REQUIRED WORK -> Could you copy exactly the lines from the start of the records through the one containing "Дров'яна піч для", both included, and leave out the pictures?

(Short text fragments from websites)
-- Opening Marker --

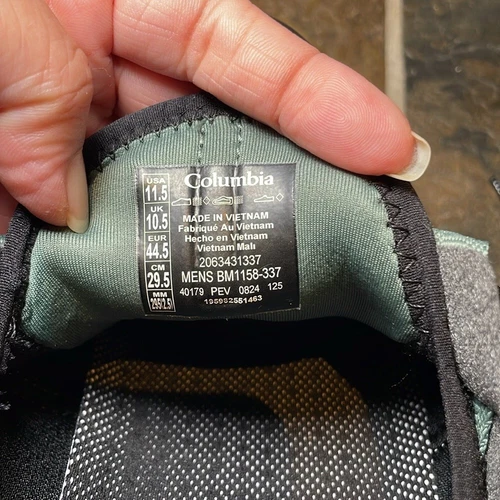 Columbia Drainmaker™ Shoe sz 11.5 - photo 5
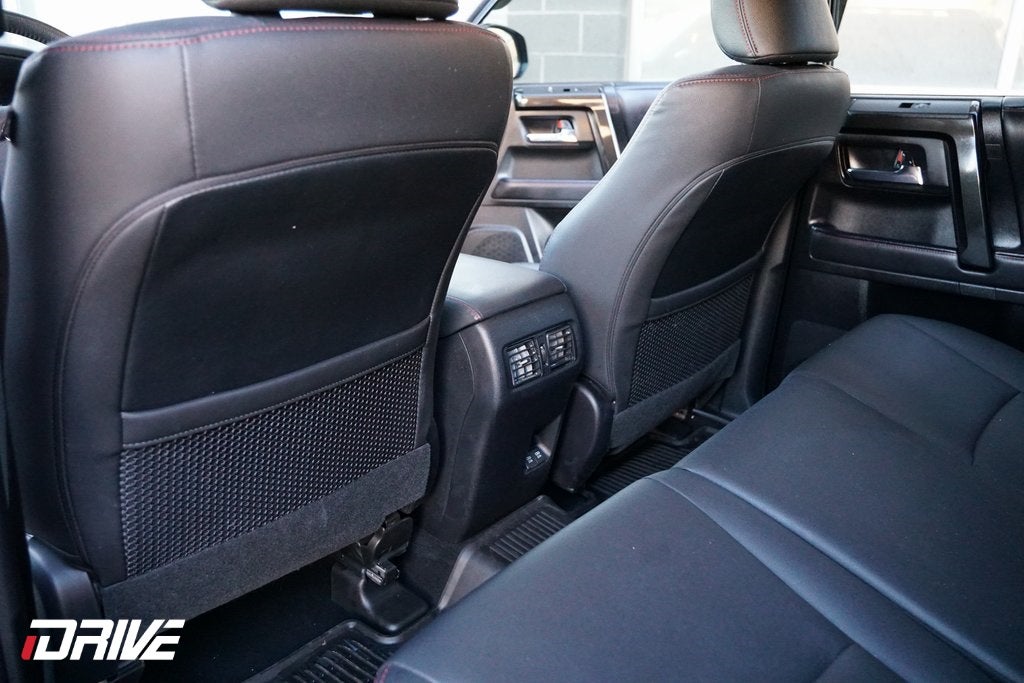 2022 Toyota 4Runner TRD Off-Road Premium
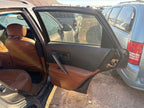 Used Rear Right Door Assembly Rear Side fits: 2004 Infiniti FX SERIES 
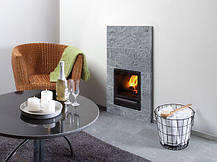 Дров'яна піч для лазні та сауни Tulikivi KINOS 20 S1 (без порталу), фото 4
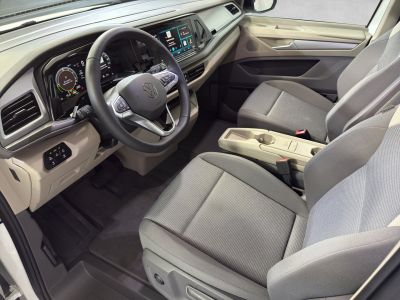 VW Multivan Gebrauchtwagen VW Multivan Gebrauchtwagen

-- Closing Marker --

RESPONSE AREA ->
 Columbia Drainmaker™ Shoe sz 11.5 - photo 5
 2022 Toyota 4Runner TRD Off-Road Premium
 Used Rear Right Door Assembly Rear Side fits: 2004 Infiniti FX SERIES 
 Дров'яна піч для лазні та сауни Tulikivi KINOS 20 S1 (без порталу), фото 4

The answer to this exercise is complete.